Şimdi "yerel" bir seçime gidiyoruz. İnsan bu seçim yarışını gözlerken hala tarihten ders almadığımızı görüp üzülüyor. Hala seçim alanlarında atılan abuk sabuk sloganlara ve "O ne verirse ben iki katını vereceğim" mantığıyla ilan edilen projelere bakınca bunu anlıyor. Demokrasi mi? Hani ne derler "Bu pilav daha çok su kaldırır!" diye işte öyle bence. Cumhurbaşkanlığı Yönetim Sistemi denilen sistemin en önemli özelliği kararları merkezileştirmesidir. Sistemi yönetmek için zorunlu olan 50+1 ise bir yandan "tek adam" üreten bir yandan da farklı siyasi partiler arasında "ittifaklar" kurmayı zorlayan bir sistemdir. Peki 2018’den bu yana uygulaması nasıl oldu? "Bir" adam zaten vardı o şimdi "tek" adam oldu. Bütün kararlar ona bağlandı. Peki ya ittifaklara ne oldu? Onlar da oldu. Bir yandan Cumhur İttifakı, bir yandan Millet İttifakı, bir yandan da Emek ve Özgürlük İttifakı kuruldu. Altılı masa kuruldu, masadan kalkıldı, tekrar oturuldu, gizli protokoller yapıldı derken 14 Mayıs’da seçim kaybedildi ve sonunda muhalefet ittifakları yerle yeksan oldu!Geldik "Yerel Seçime"! Yüzüncü yılın siyasi eliti tuhaf bir elit! Sanki "yerel seçimler" yalnızca "yerel seçimmiş" gibi varsaymayı yeğliyor. Üstelik de çarpıklığın bini bir parayken!
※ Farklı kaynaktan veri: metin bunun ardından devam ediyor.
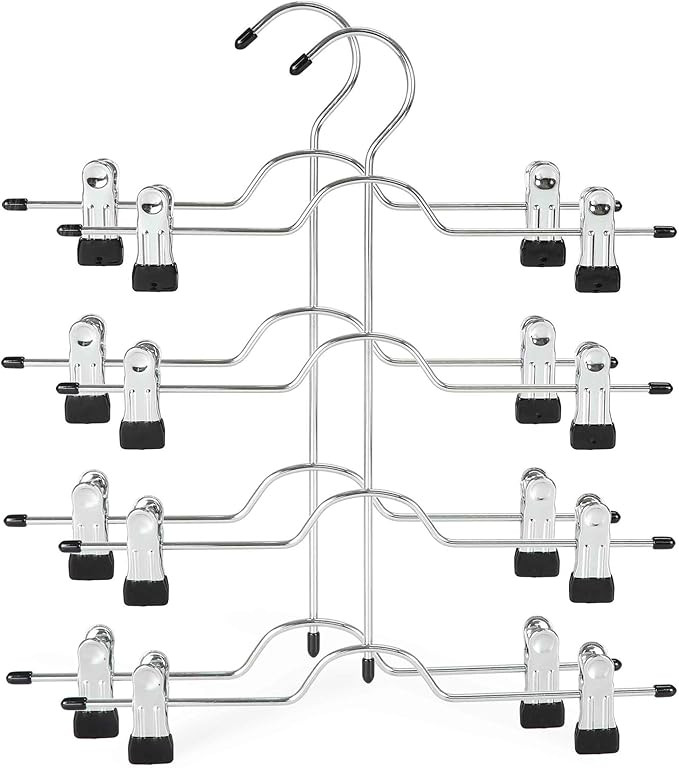 TOPIA HANGER 4 Tier Metal Skirt Hangers for Women, Pants Hanger Space Saving with Adjustable Clip... | Amazon (US)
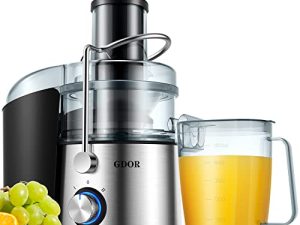 عصارة GDOR 1200 واط مع قرص تقطيع محسّن من التيتانيوم ، آلات عصارة أكبر 3 بوصات للفواكه والخضروات الكاملة ، عصارة طرد مركزي مع إبريق عصير 40 أونصة ، خالية من البيسفينول ، سهلة التنظيف ، فضية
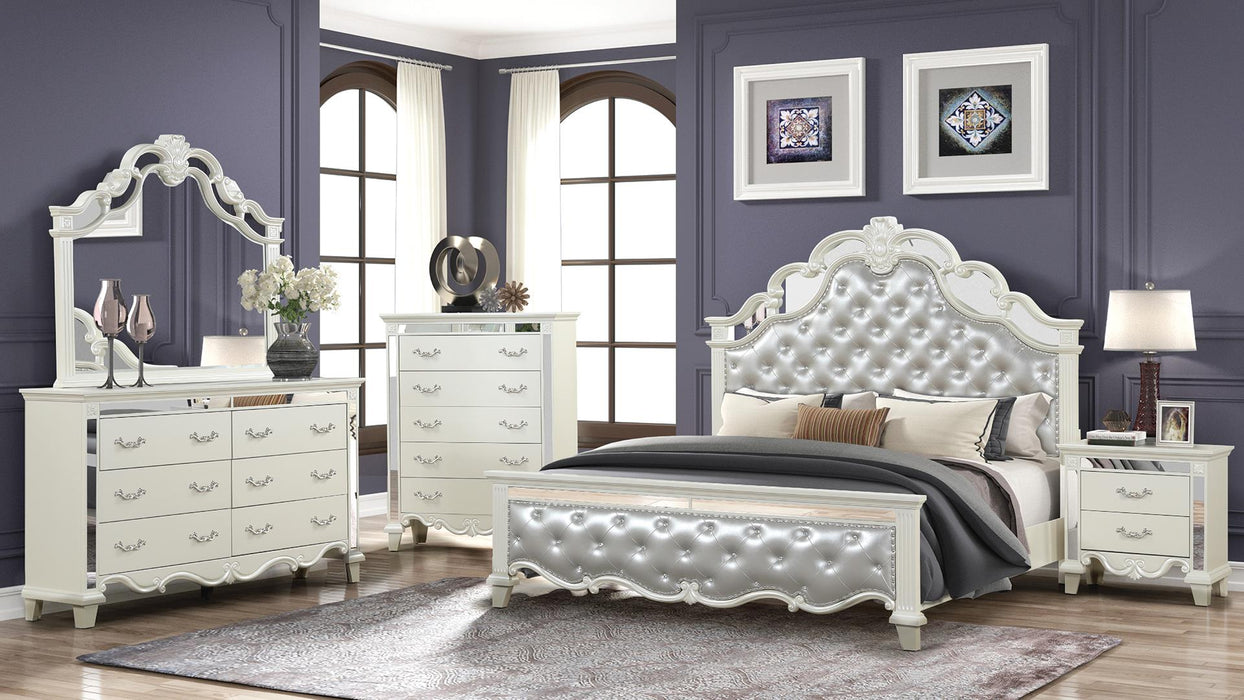 Milan King 6 Pc Bedroom Set in Milky White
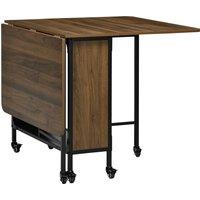 HOMCOM Six-Person Drop Leaf Dining Table - Brown/Black Aosom UK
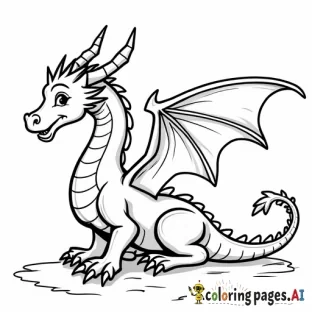 please create a dragon color by number scene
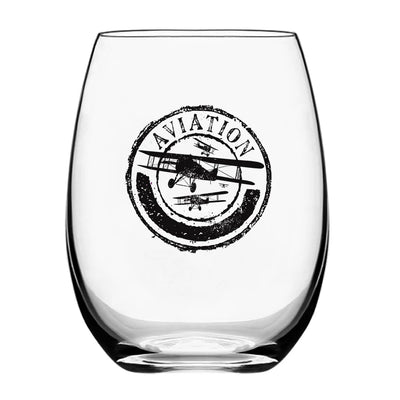 Aviation Lovers Water & Drink aviation design on water glass, crystal-clear premium glassware.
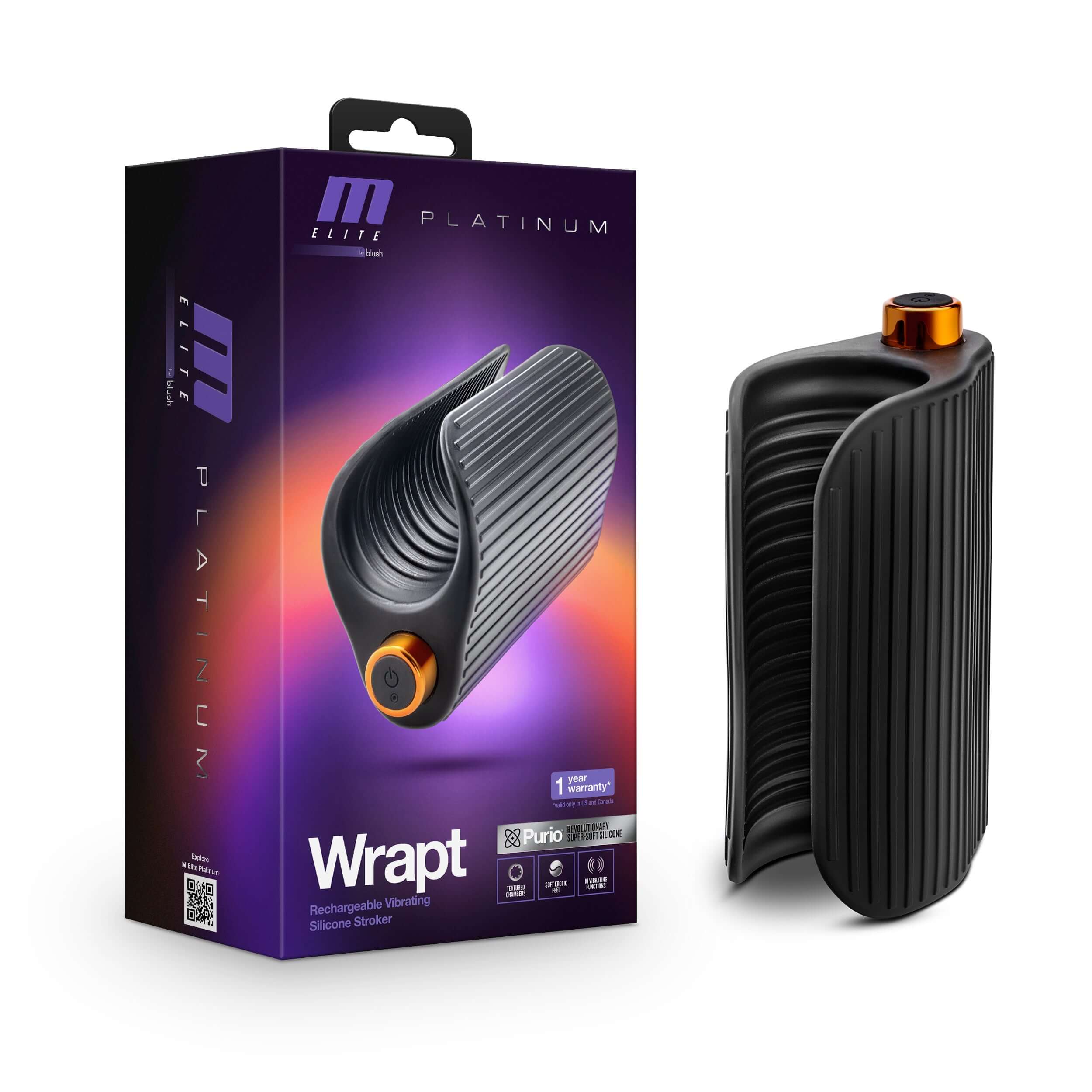 M Elite Platinum Wrapt black rechargeable stroker with ribbed texture and ergonomic design, packaged in vibrant box.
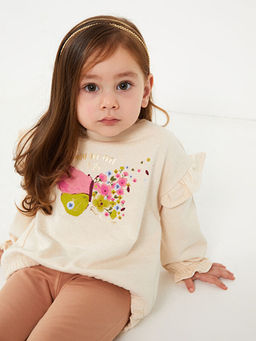 Bisiklet Yaka Uzun Kollu Pamuklu K?z Bebek Sweatshirt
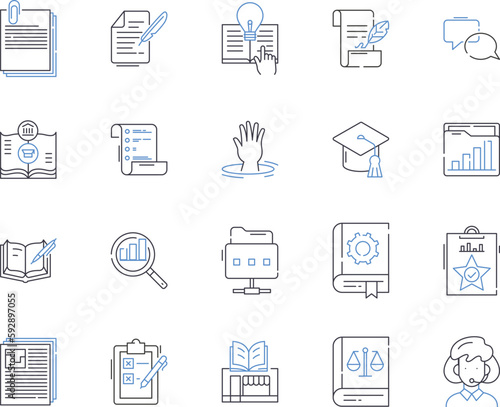 distance learning outline icons collection. Distance, Learning, Online, Education, Virtual, Course, Program vector and illustration concept set. Class, Web-based, eLearning linear signs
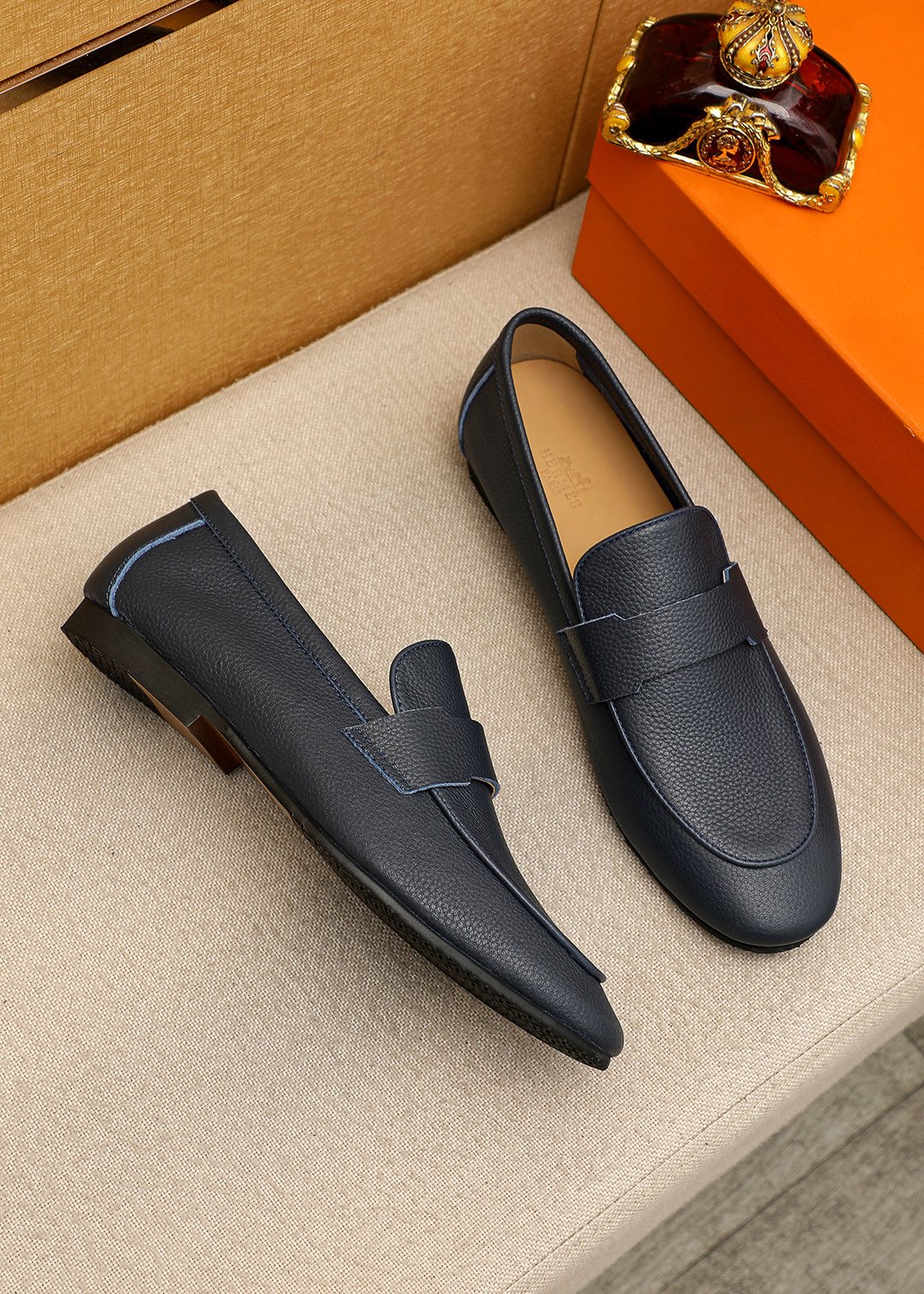 Hermès Pebbled Leather Loafers — front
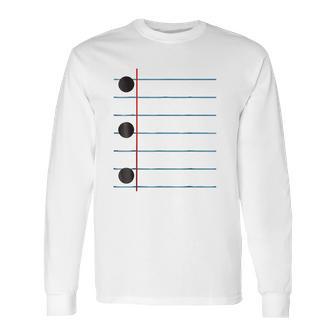 Three Hole Punch College Ruled Paper Costume Long Sleeve T-Shirt | Favorety AU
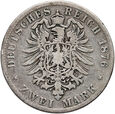 Niemcy, Bawaria, Ludwik II, 2 marki 1876 D, Monachium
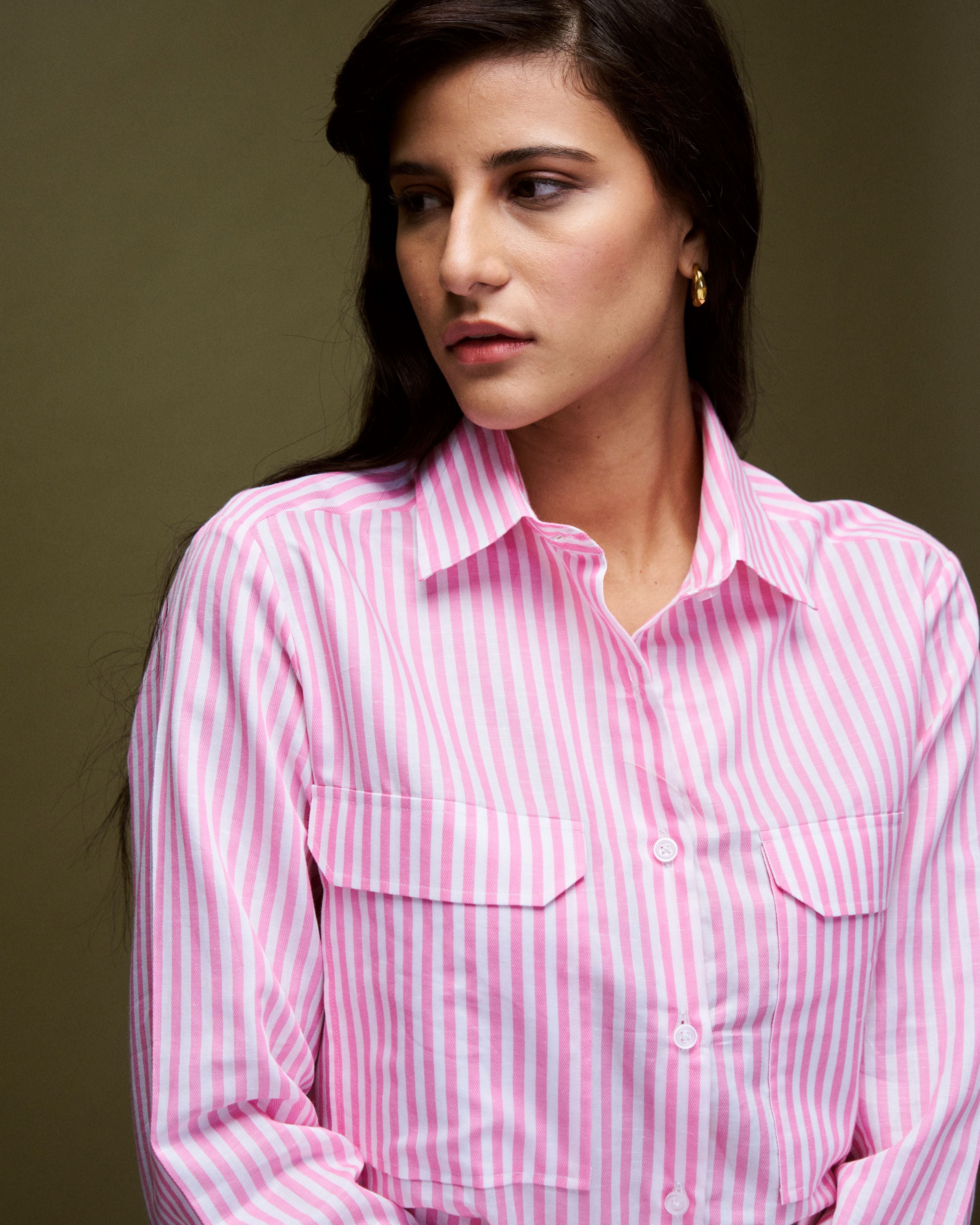 Logus Stripe oversized cotton shirt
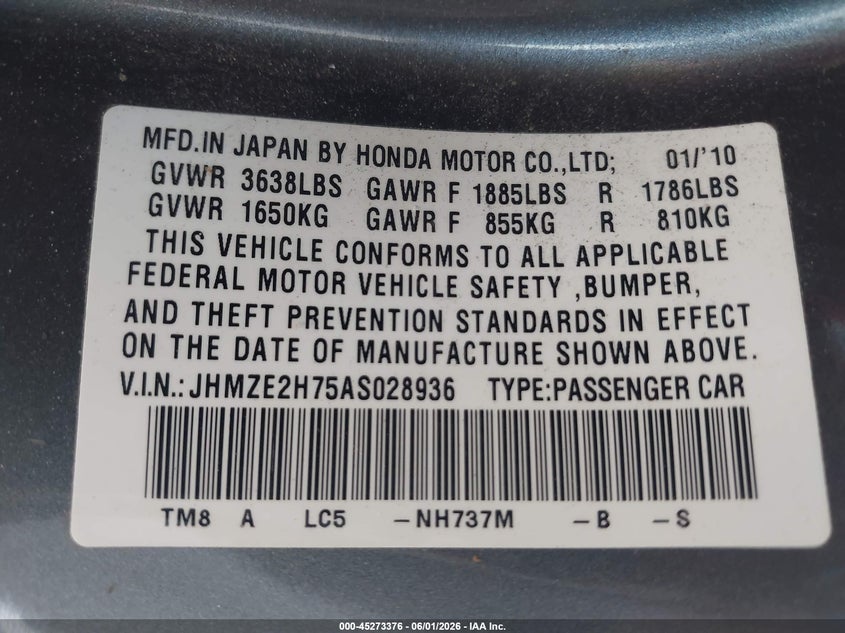 2010 Honda Insight Ex VIN: JHMZE2H75AS028936 Lot: 45273376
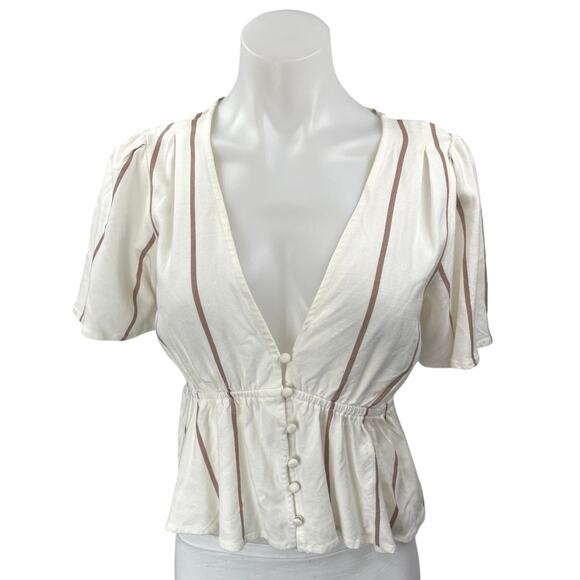 O'Neill Cream Brown Striped Short Sleeve Button Down Peplum Blouse Top Size M - Picture 1 of 4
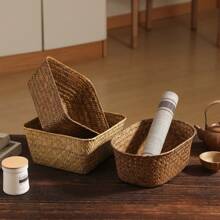 1入手工編織天然海草收納籃,適用於任何季節的野餐、節日、花園、庭院、客廳、廚房、臥室、衣櫃、浴室、化妝品組織 - 咖啡棕 - 查看 7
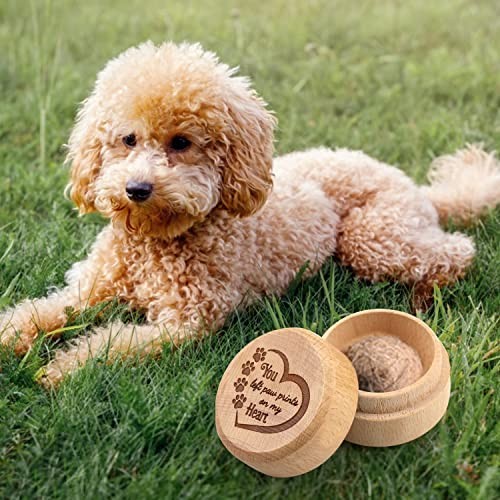 Dog Memorial Box for Loss Pet Wooden Keepsake Box with Pet Paw Engraving brown
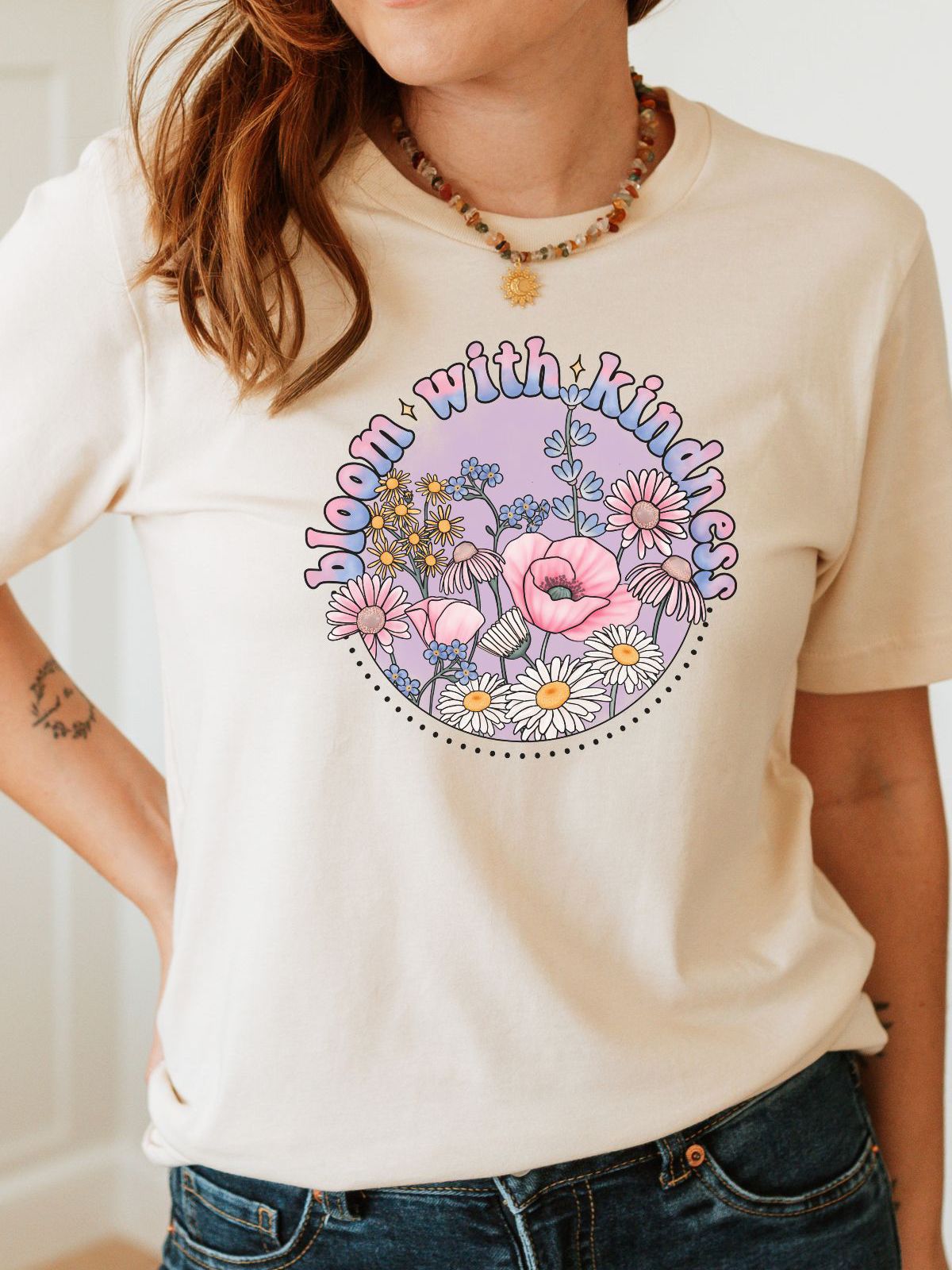 Bloom with Kindness Women T-Shirt Spring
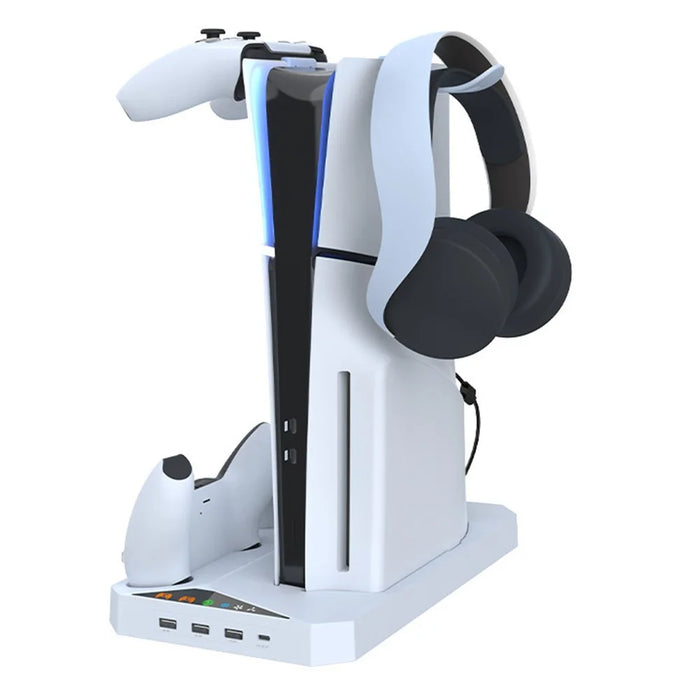 IPLAY HBP-584 For Sony PS5 Slim Digital / Disc Edition Cooling Stand Dual Controller Charging Station Headset Hanger - 3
Alın bir tanesini!: Bir Cumhurbaşkanı, yani "cumhur"un, yani "halk"ın başkanı, kendi partisinin belediye başkanlarının seçilmesi için yapılan mitinglere "devletin", yani "halkın vergileriyle alınmış" uçaklarla ve yüzlerce otomobille desteklemeye gidiyor. Bir de bu ülkede "özgür" ve "serbest" seçimler olduğunu söylüyor. Siz buna şaşırmıyor musunuz? (Hele hele bu "asrın lideri" aynı zamanda bir "Müslüman"! Peki böyle bir adaletsizlik Müslümanlığa sığar mı? Bu tuhaflığı açıklayabilecek bir Müslüman varsa lütfen yazımı okuduktan sonra sosyal medyada bana bir cevap yazarsa çok mutlu olacağım).Belli ki "yerel seçim" kavramı Cumhurbaşkanlığı Hükümet Sistemiyle birlikte değişmiş. Orada da "ittifaklar" gerekiyor. Ama ne gezer! Gerçekten de insan üzülüyor da sokaklarda bir takım insanlar kaç oy alacakları bilinmez ama seçileyemecekleri gün gibi ortada olduğu halde koşturup duruyorlar.